Rosemberg Cariry: Dois bicos de luz para Cego Aderaldo
"Deixou-nos Aderaldo uma lição. Que nós, cearenses, somos um povo do caminho, em trânsito, em construção, sempre em busca de novidades, sem tempo para reconstruirmos as nossas heranças de humanidades".
Por *Rosemberg Cariry
Publicado 19/07/2017 10:07 | Editado 04/03/2020 16:23
Em tempos de fama, com fotos estampadas nas primeiras páginas dos mais importantes jornais do País, com prestígio entre artistas, políticos e autoridades nacionais, o Cego Aderaldo começou a ser reconhecido também em sua cidade de adoção, Quixadá. Em 1953, a Prefeitura da cidade quis fazer sua parte nesse esforço de reconhecimento e determinou que a residência do Cego Aderaldo tivesse energia elétrica, com “dois bicos de luz” fornecidos pelo poder público. A luz serviria para que os filhos de criação do Cego Aderaldo pudessem estudar e, à noite, ler os livros preferidos do velho cantador.

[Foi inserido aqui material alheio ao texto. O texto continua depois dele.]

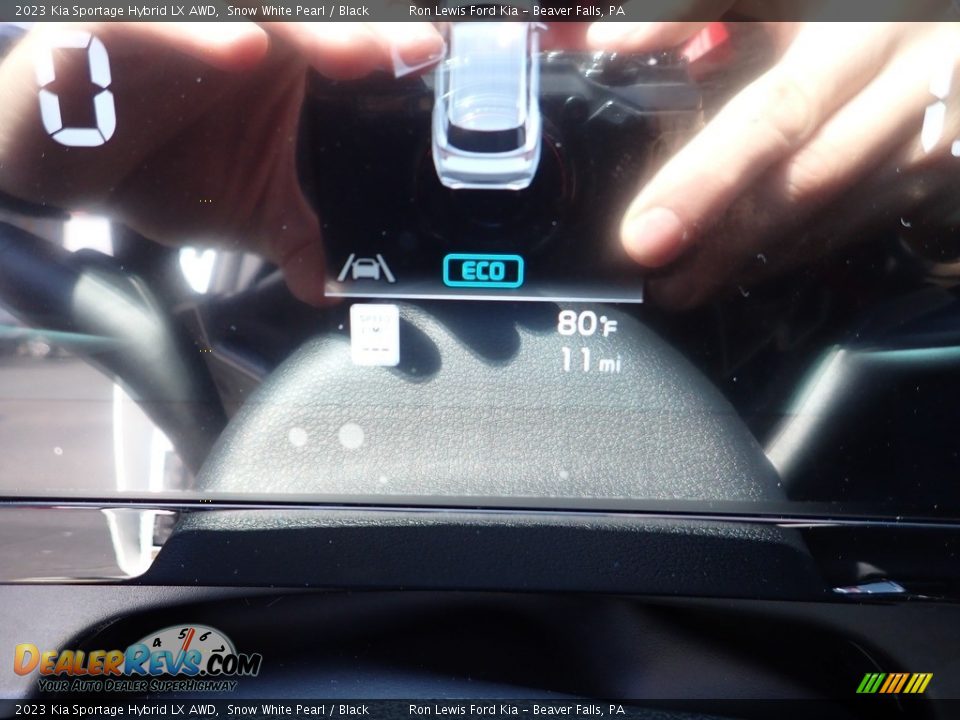 2023 Kia Sportage Hybrid LX AWD Snow White Pearl / Black Photo #16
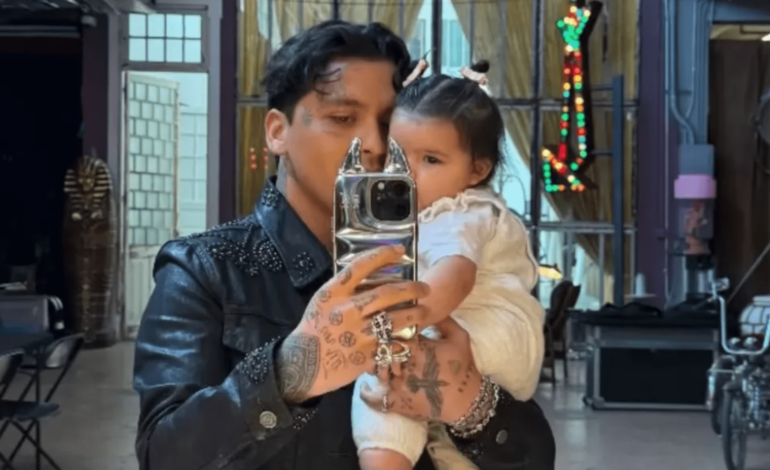  Christian Nodal celebra Día del Padre con fotos de su hija Inti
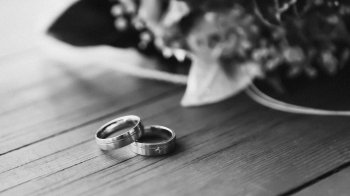 Суд Львівщини оштрафував жінку з інвалідністю за допомогу ухилянту виїхати за кордон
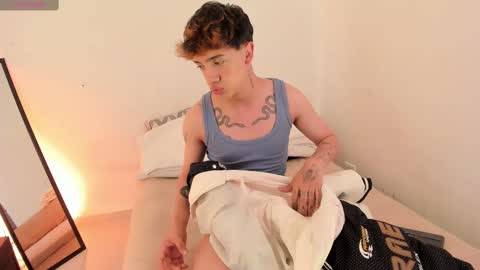 Timothy 21 years old online show from September 22, 2025, 8:33 pm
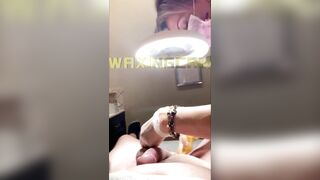 Đi spa được em gái Wax lông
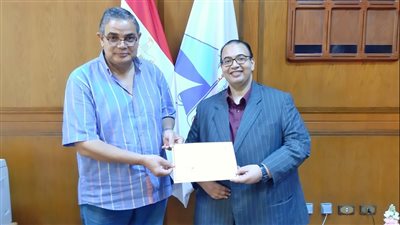 رئيس جامعة كفر الشيخ يسلم شهادة اعتماد كلية الزراعة لعميد الكلية |صور 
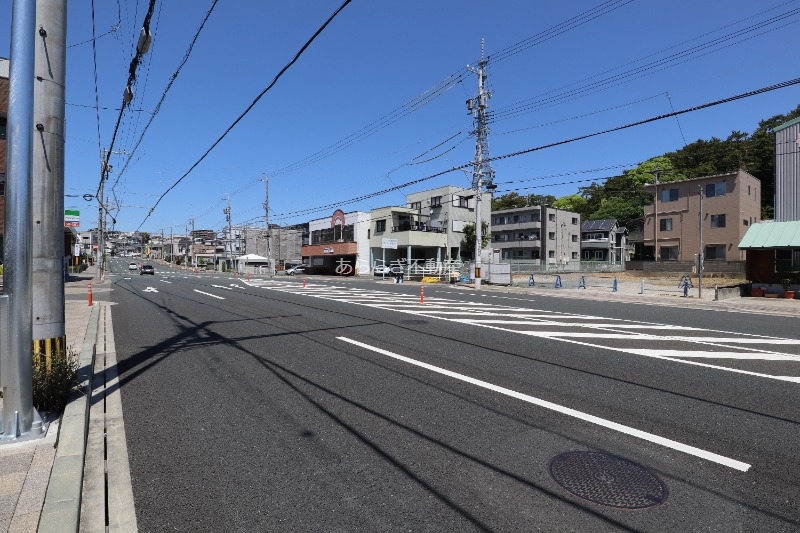 【浜松市中央区下池川町のアパートの玄関】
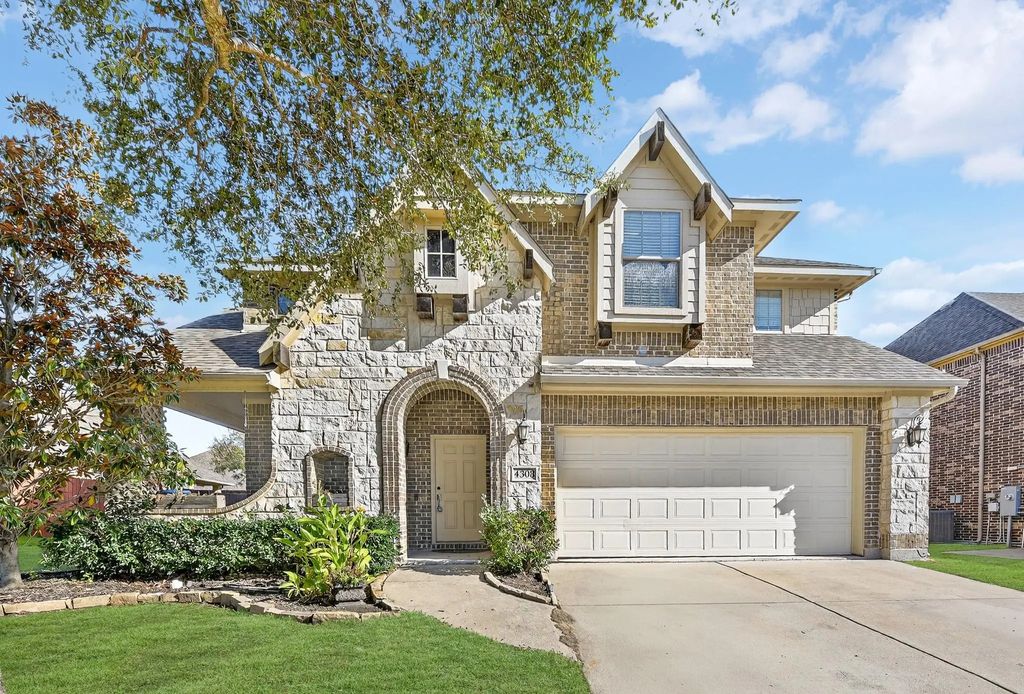 4308 Spruce Road, Melissa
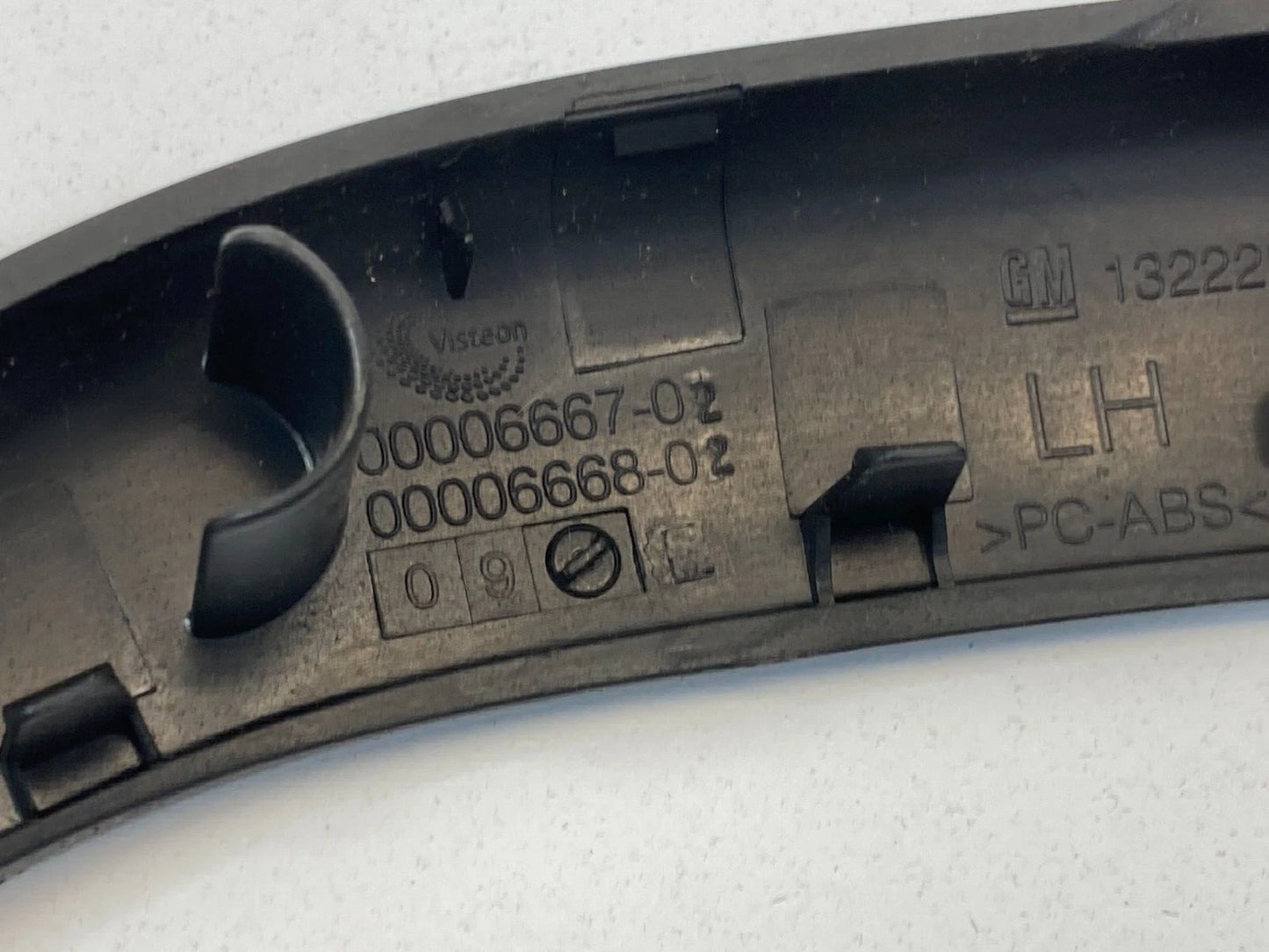 2011 11 BUICK REGAL REAR LEFT BACK SIDE DOOR PULL HANDLE COVER TRIM 13222210 OEM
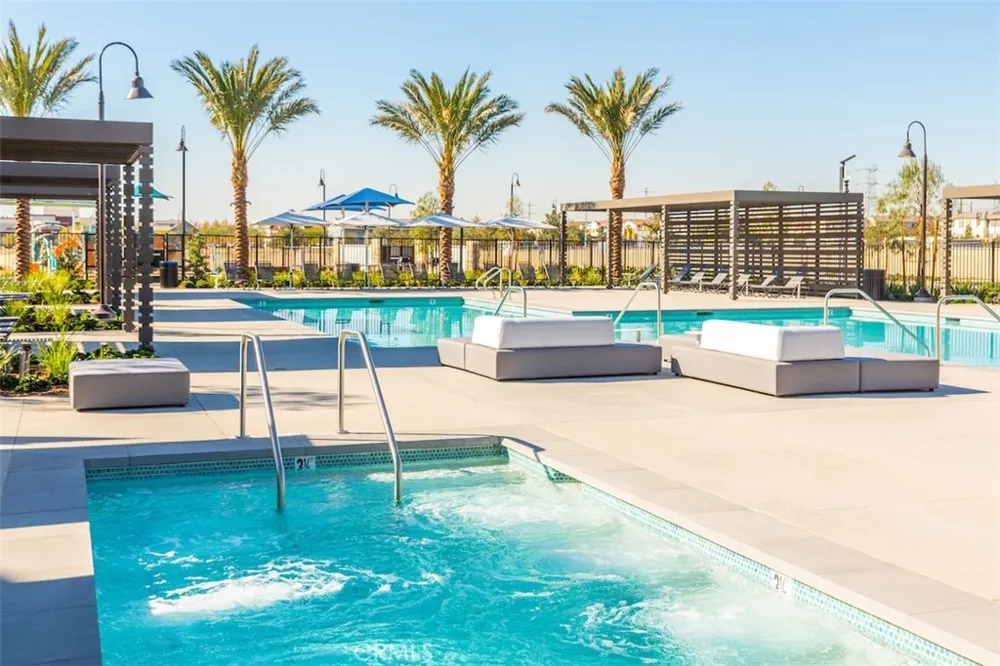 4193 S S. LIMECREST PASEO #51 Ontario, CA 91761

“Alegria de pobre dura pouco”, como diz de forma sarcástica um provérbio popular em voga ainda hoje no Ceará. Vendo o Cego Aderaldo com energia elétrica em sua casa, alguns invejosos da cidade começaram a fazer uma campanha para que a mesma fosse cortada.
Argumentavam os “fuxiqueiros de plantão”, em nome da “moralidade pública”, que o Cego Aderaldo ficara rico e famoso com a sua viagem ao Rio de Janeiro e São Paulo e que não precisaria das benesses da municipalidade.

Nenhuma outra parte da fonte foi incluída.